Я наблюдала их всю весну в больничном парке, к апрелю у мамы появились силы для коротких прогулок, достаточные, чтобы дойти под руку до скамейки на берегу Крестовки и на солнышке покормить птиц. Там-то эта парочка и обреталась. От других ворон их отличал постоянно вздыбленный, как у панка хохол, а вечно распушённые штаны прятали лапы, создавая ощущение "корточек" и придавали поступи характерную развалку в полуприсед. Больше так никто не щеголял, остальные вороны носили обычное приглаженное перо и ходили обычной походкой.

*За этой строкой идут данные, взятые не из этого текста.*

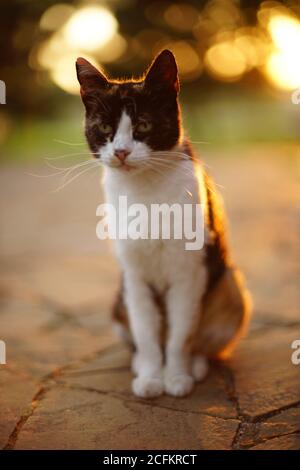 Tricolor Kitty sitzt im Garten auf dem alten Steinboden. Stockfoto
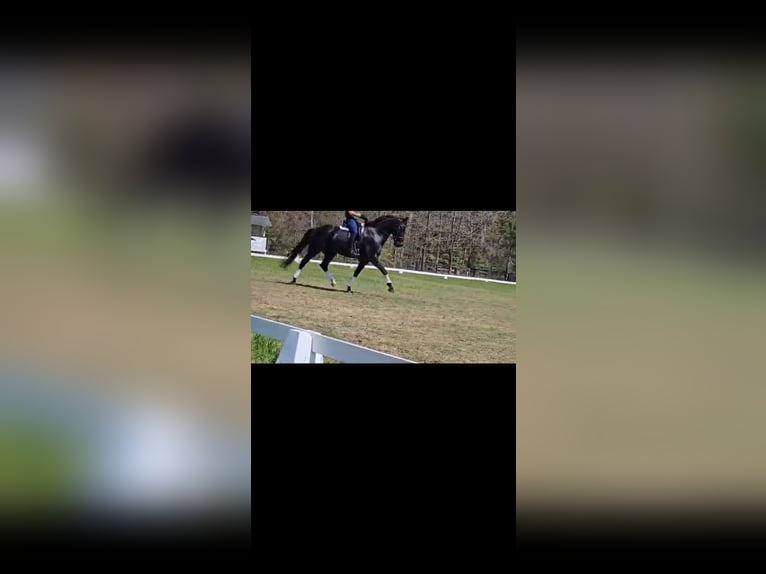 KWPN Gelding 10 years 16,1 hh Black in Aiken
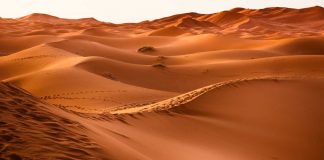 Deserto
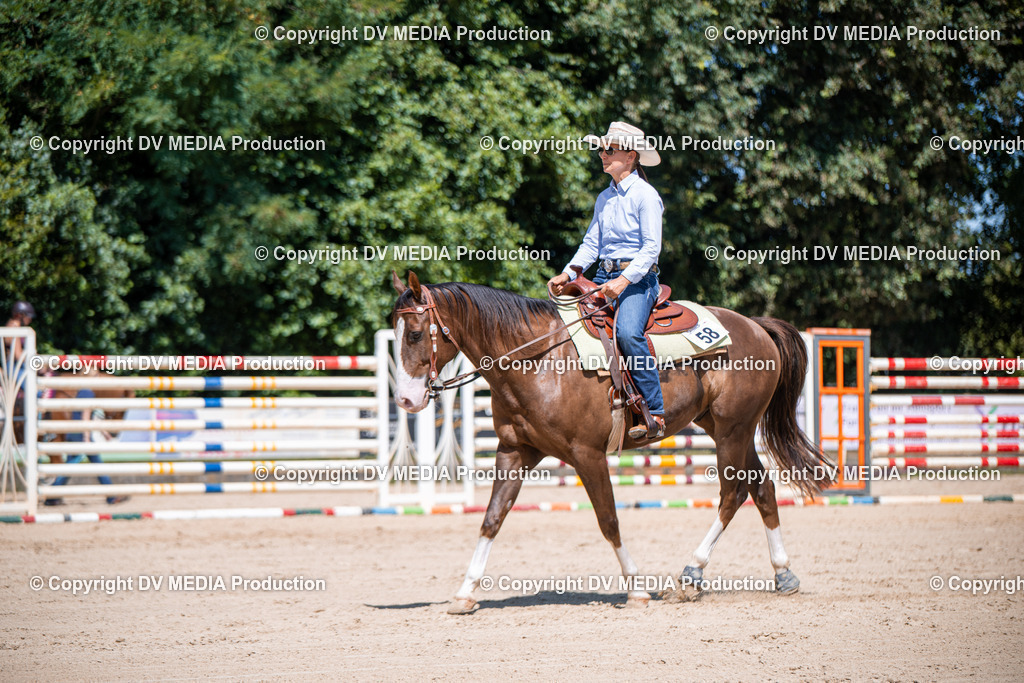 ZS1_1197 | dv-media-shop - Realisiert mit Pictrs.com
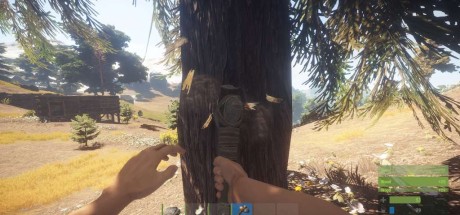 RUST PC Steam CD Key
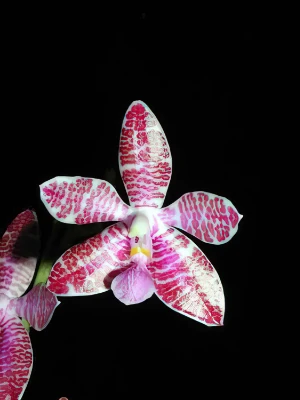 Bild von Phalaenopsis lueddemanniana var. delicata 2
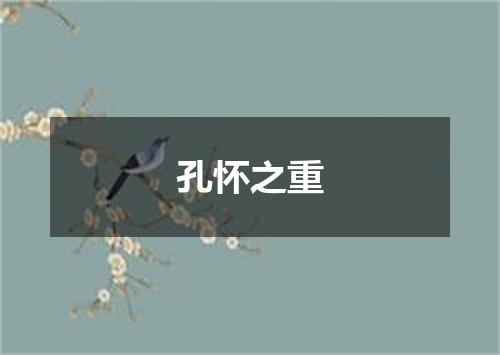 孔怀之重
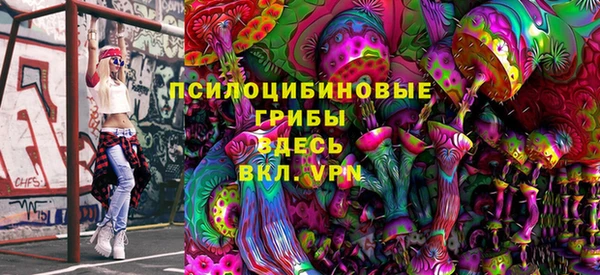 ПСИЛОЦИБИНОВЫЕ ГРИБЫ Нягань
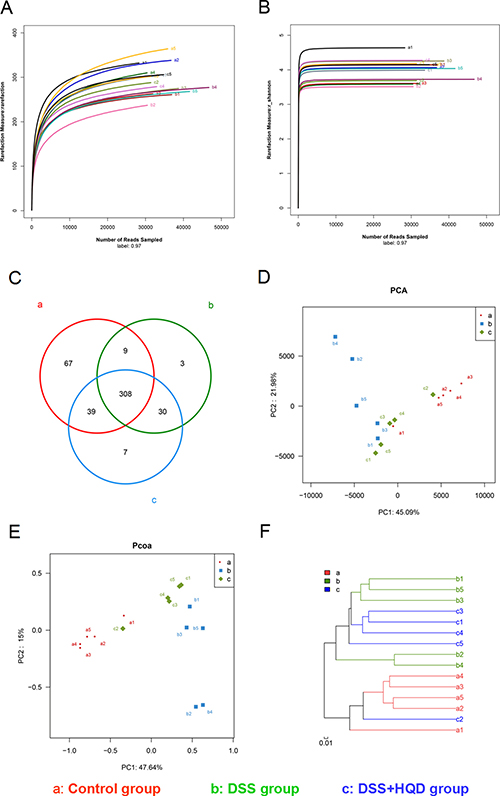 Evaluation of illumina MiSeq sequencing data showing that HQD could modulate the overall structure of gut microbiota.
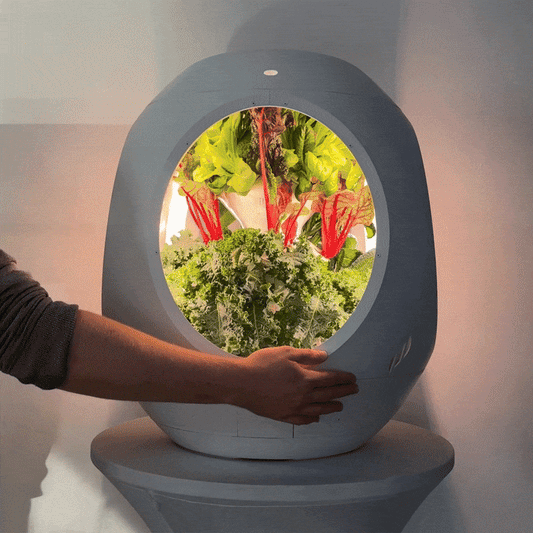 Mélange de salades de superaliments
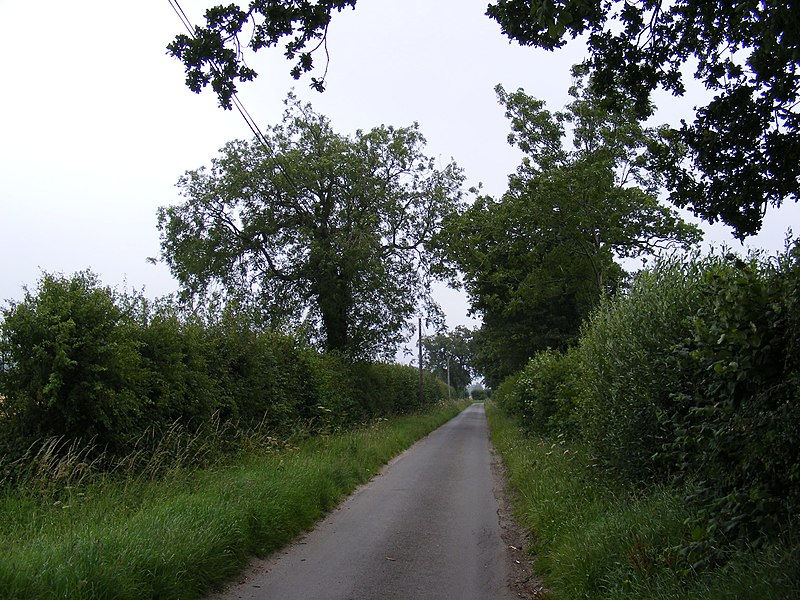 File:Guestwick Lane - geograph.org.uk - 2525275.jpg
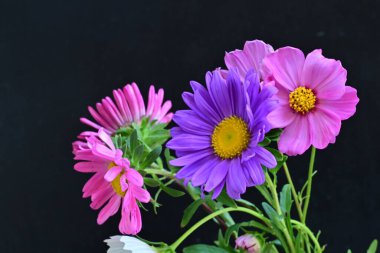 Koyu arkaplanda güzel çiçekler, yaz konsepti, yakın manzara 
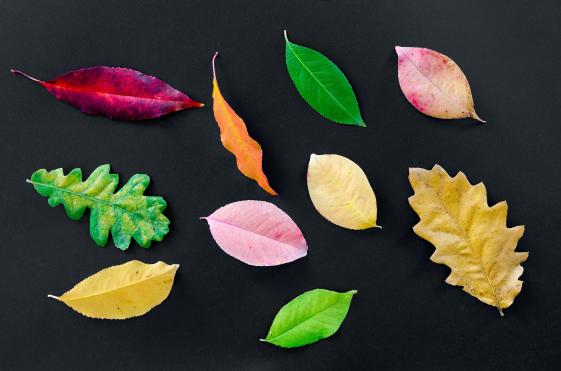 Symbolfoto Blätter - © Foto von Lukas auf Pexels Bunte Blätter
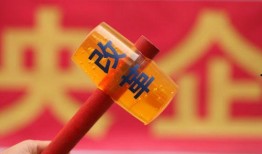 爆料鸡血行情最新消息,鸡血行情最新动态，市场风云再起！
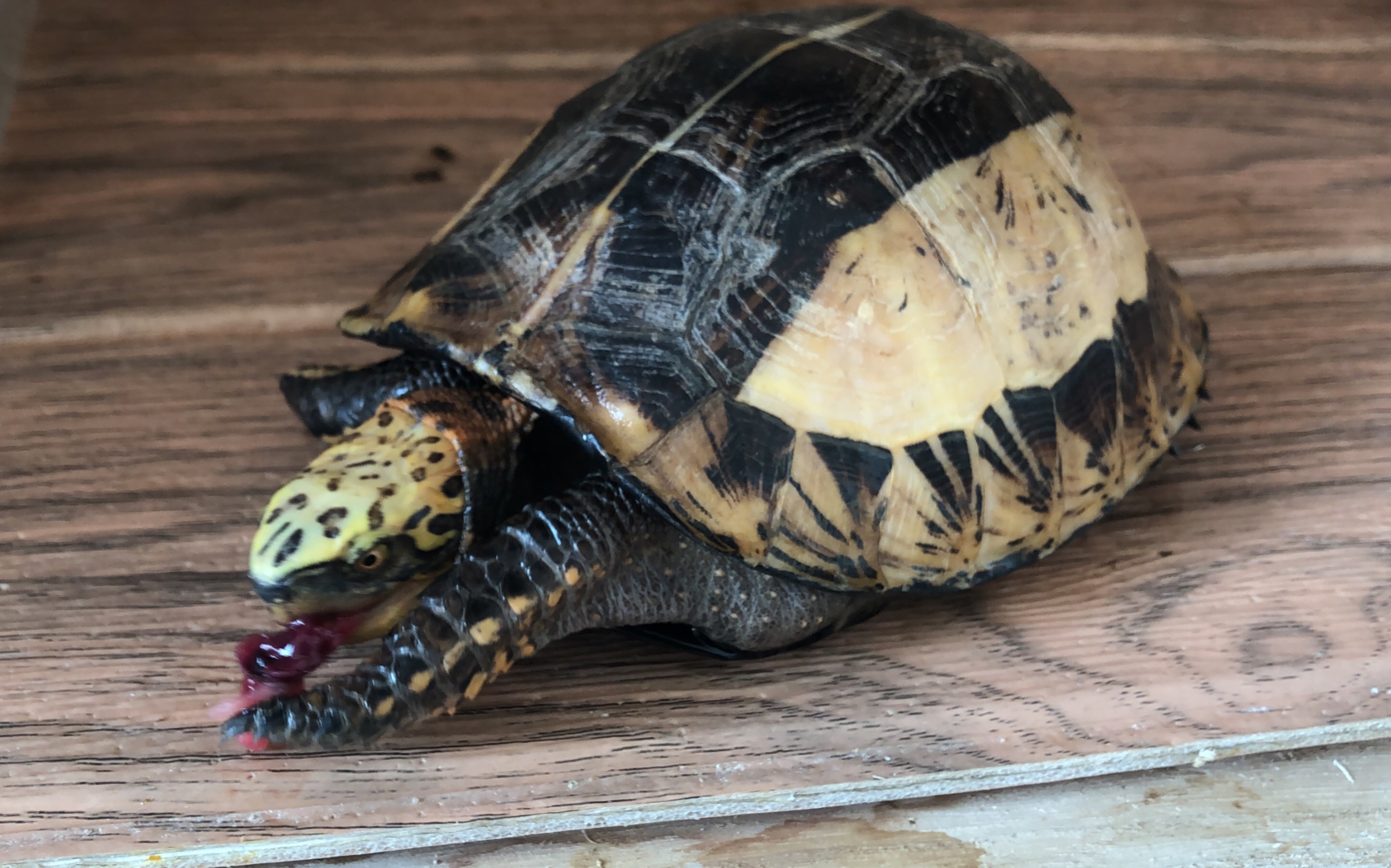 喂黄额吃红皮乳鼠,刚生下里的小老鼠好嫩啊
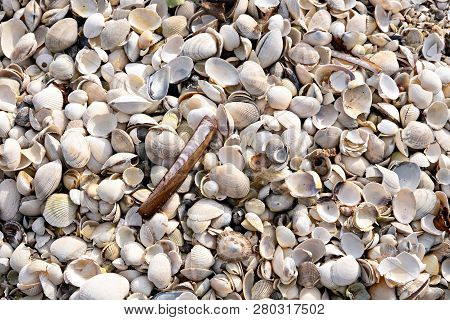 Sea Shell Background On The Beach With Lots Of Cockleshell, Clamshell, Mussels, Razor Shell. Nature 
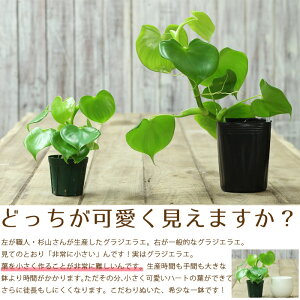 楽天市場 土を使ってないから 鉢が倒れても安心 ハート型の観葉植物 フィロデンドロン グラジエラエ 育てやすい観葉植物 育て方説明書付き ミニ観葉植物 インテリア ｅ 花屋さん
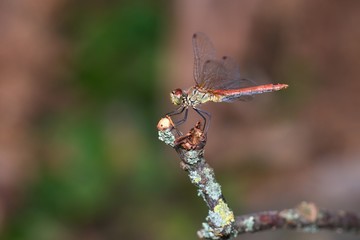 Close up of vagrant darter in natural environment, Slovakia, Europe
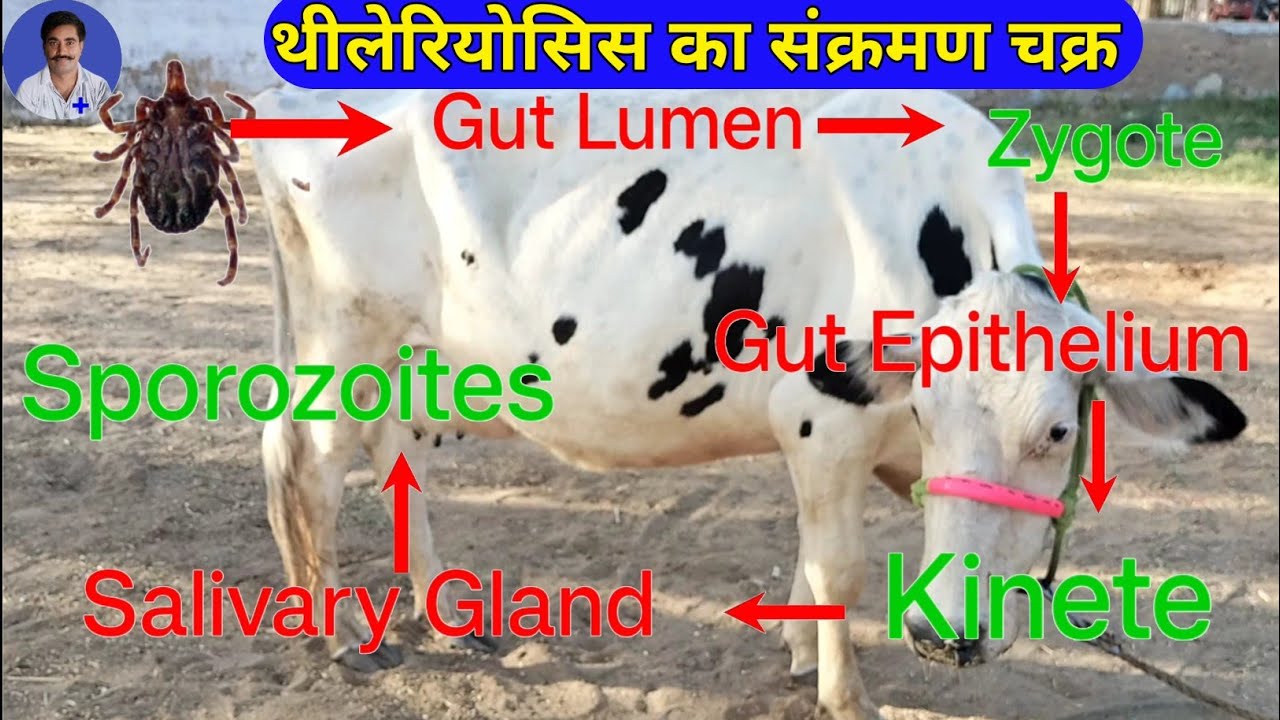 Bovine Theilariosis | Tropical Theilariosis | East coast fever in cattle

Окончательно гопниками они стали после случая с обрезками застарелого сала, привезенного мною из дома. Распознав вкусненькое, парочка устроила целый спектакль. К скамейке, где мы сидели, по очереди ковыляла одна из ворон, с каждым разом приближаясь всё ближе, ещё выше дыбила загривок и пушила и без того широкие порты. Лапы укорачивались до "кортов" в стерегущей позе замершего желания, крылья чуть отводились в стороны и обвисали поверх классического приседа, а над склонённым набок клювом топорщились нахальные бусины глаз. Получив кусочек сала, птица так же неспешно вразвалку удалялась за скамью, тщательно прятала добычу в ворохе прошлогодних листьев и возвращалась "на корты" за новой порцией вкусняшек.
Парк неспешно приводили в порядок, очищая от старой листвы, скоро должен был прийти черед и этой поляне по над Крестовкой, но гопники об этом не догадывались и весь стратегический запас сложили в одном месте. Это ли сыграло роковую роль, или простое стечение обстоятельств, но после заготовки сала гопники исчезли, а парк оккупировали дрозды. Молодые вороны изредка и с опаской ещё прилетали на кормёжку к старому спилу дуба, что у Мало-Крестовского моста, на остальной же территории воцарились пятногрудые склочники.
Недавно разговорилась на набережной с недовольной вороной, она так же, как и гопники устроилась "на кортах", распушив штаны, а во время особо драматичных пассажей дыбила хохолок, но куда подевались мои друзья, не сообщила.